Full Prescribing Info
Alfuzosin hydrochloride.
Each PR tab contains 10 mg alfuzosin hydrochloride.
Excipients/Inactive Ingredients: Dibasic calcium phosphate dihydrate, hydroxypropyl methylcellulose, magnesium stearate, polyvinyl acetate phthalate, and yellow ferric oxide.
Pharmacotherapeutic Group: Alpha-Blockers. ATC code: G04CA01(G: genitourinary system and sex hormones).
Pharmacology: Pharmacodynamics: Alfuzosin is a quinazoline derivative, active by the oral route. It is an uroselective antagonist of post-synaptic α1-adrenoceptors located in the prostate, bladder base, bladder neck, prostatic capsule, and prostatic urethra.
Alfuzosin hydrochloride blocks α1-adrenoceptors leading to a relaxation of the smooth muscle in the bladder neck and prostate.

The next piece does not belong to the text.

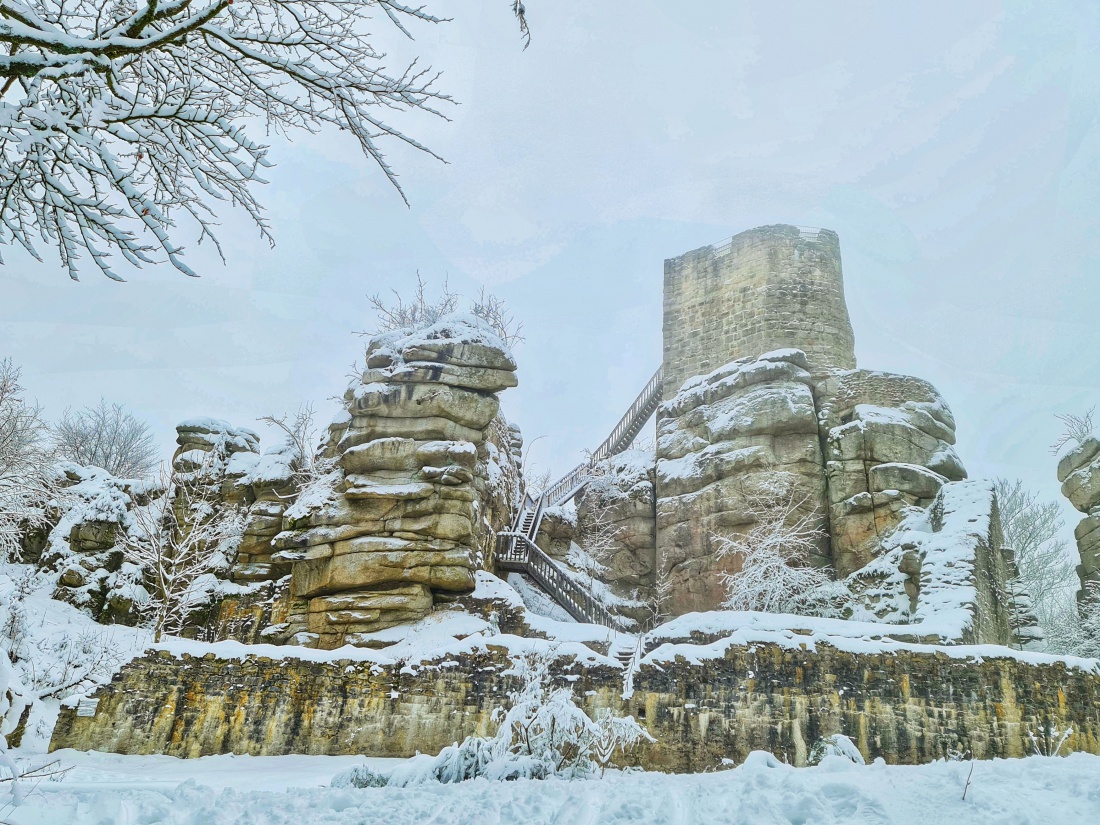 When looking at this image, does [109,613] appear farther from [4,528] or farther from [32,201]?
[32,201]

In animal studies, alfuzosin was shown to be functionally uroselective by preferentially decreasing urethral blood pressure over arterial blood pressure. In human tissue, in vitro, alfuzosin has induced preferential α1-adrenoceptor antagonist activity on prostatic cells relative to renal artery cells.

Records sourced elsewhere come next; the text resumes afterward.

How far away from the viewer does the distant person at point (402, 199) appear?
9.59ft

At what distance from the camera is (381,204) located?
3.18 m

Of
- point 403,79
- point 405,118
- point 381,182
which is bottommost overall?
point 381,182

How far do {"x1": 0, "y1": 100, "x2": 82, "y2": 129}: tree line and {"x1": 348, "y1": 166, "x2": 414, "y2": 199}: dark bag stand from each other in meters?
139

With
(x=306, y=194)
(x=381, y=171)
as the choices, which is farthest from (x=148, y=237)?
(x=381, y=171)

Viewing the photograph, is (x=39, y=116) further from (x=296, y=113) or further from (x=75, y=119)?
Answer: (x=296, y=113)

In placebo-controlled clinical studies in patients with BPH, alfuzosin hydrochloride was shown to: significantly increase urine peak flow rate (Qmax) by 30% which is observed after the first dose; significantly reduce detrusor pressure and increase bladder capacity; significantly reduce residual urine volume.

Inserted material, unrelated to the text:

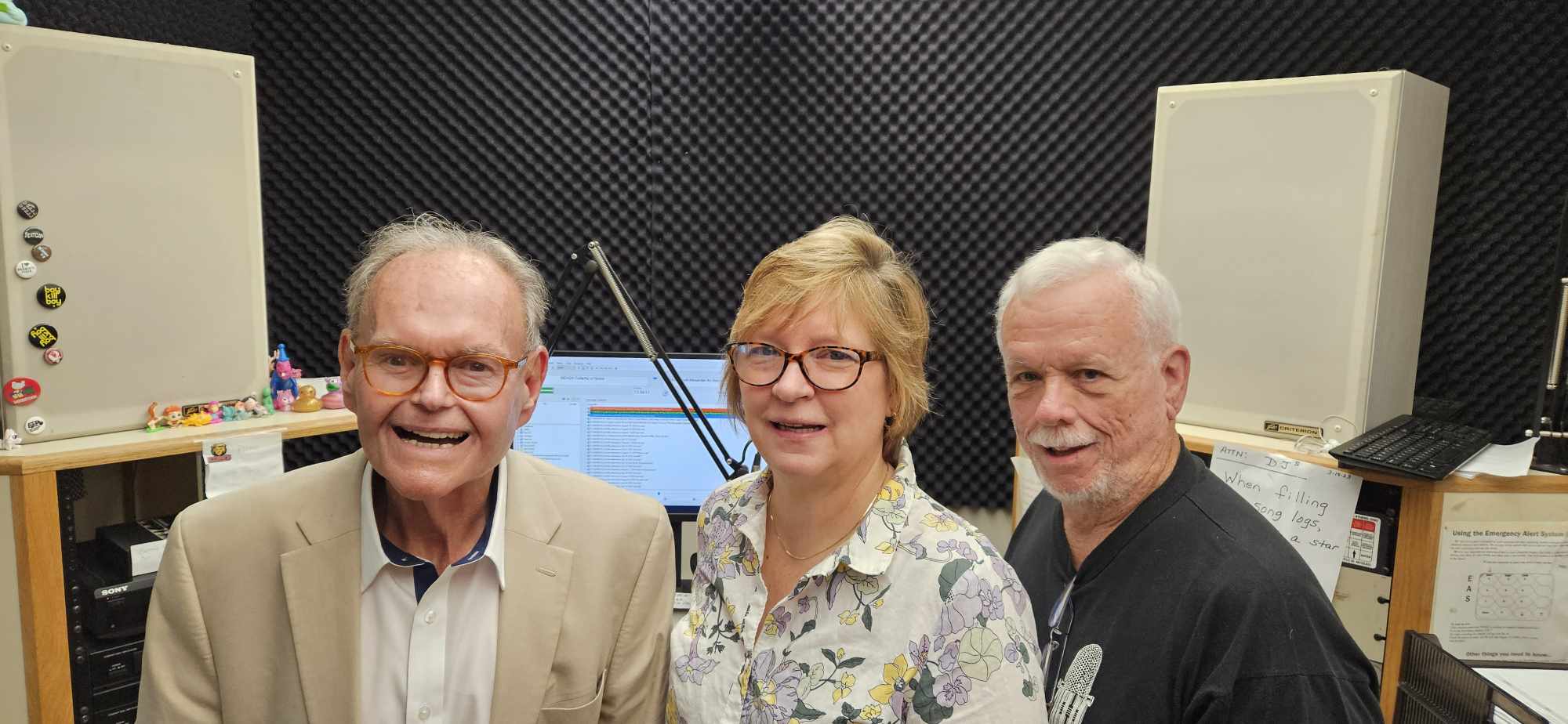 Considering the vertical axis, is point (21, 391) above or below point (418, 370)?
below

These favourable urodynamic effects lead to an improvement of lower tract irritative and obstructive symptoms without any deleterious effect on sexual function.
In the ALFAUR study, the effect of alfuzosin on return to voiding was assessed in 357 men over the age of 50 presenting a first painful episode of acute urinary retention (AUR) related to benign prostatic hypertrophy (BPH) with a residual urine volume of between 500 and 1500 ml following insertion of a catheter and for the first hour after catheterisation. In this multicentre, randomised, doubleblind study in two parallel groups comparing 10 mg/day alfuzosin LP with placebo, evaluation of return to voiding was conducted 24 hours after removal of the catheter, in the morning, after at least two days of alfuzosin treatment. Treatment with alfuzosin significantly increased (p = 0.012) the rate of return to voiding after catheter removal in patients having suffered a first episode of AUR, i.e. 146 returns to voiding (61.9%) in the alfuzosin group versus 58 (47.9%) in the placebo group.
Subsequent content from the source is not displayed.